Born in La Paz, Bolivia, Hugo immigrated to New York as a child, where his interest in art was fostered by his architect father. Hugo received his BFA from C.W Post/ Long Island University in 1998 and his Masters in Education from University of Phoenix in 2006.
While completing his undergraduate work in New York, Hugo volunteered to teach classes at a summer program at the Kumayya Indian reservation in San Diego, California. His experience at the reservation is what led him to become an art teacher. Upon completing his degree, Hugo’s desire to give back to the community and his love of children led him to a teaching career. Hugo’s great appreciation and admiration of the Southwest and a constant search for adventure brought me to Phoenix in 1998.
Hugo taught art at Squaw Peak School in Phoenix, while continuing to design custom metalwork and sculpture in his free time. During his two years at Squaw Peak, Hugo founded a after school art program to extend the arts beyond the classroom as well as to reach out to the community. In the course of developing this program, Hugo organized and facilitated a series of field trips and off-campus programs with the Scottsdale Art District, Scottsdale Center for the Arts, Arizona State University, Nelson Fine Arts Center, and The Arcosanti Foundation, many of which were inaugural efforts that proved to be successful for all parties.
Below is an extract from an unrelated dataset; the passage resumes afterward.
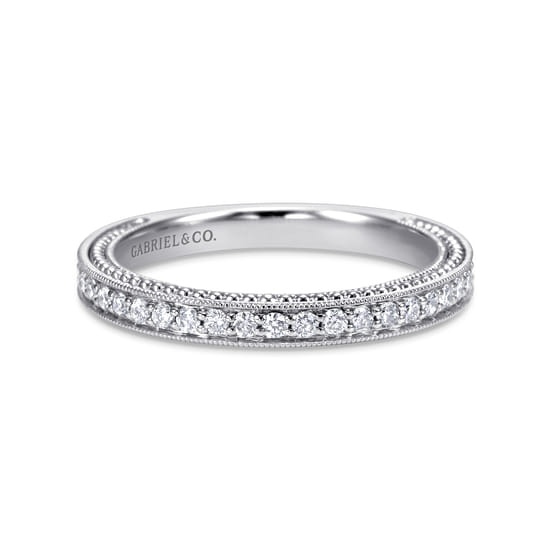 Gabriel - 14K White Gold   Matching Wedding Band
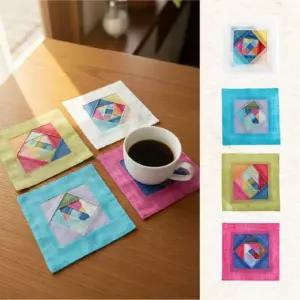 조각보 컵받침 전통 홈카페 테이블 아이템 테이블 소품 K소품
After a three-year sabbatical to be “Mr. Mom,” Hugo returned to teaching at Madison Park. During his two years at Madison Park he began developing programs, and writing grants for the school. Put together a silent auction which included donations from 40 professional artists from around the country, as well as works from the 730 students he taught. Developed a community garden that was built through donations from the community and grants. The garden now has an international peace pole, one of the 180 in the world and has won numerous grants to further its development.
Feeling his career needed to take a new direction. Hugo left teaching and began working for Ironco enterprises, a steel manufacturing company that was developing an metal arts division. At Ironco, Hugo learned the inner workings of metal construction and fabrication, as well as the use of us computer aided software to help expand his design capabilities.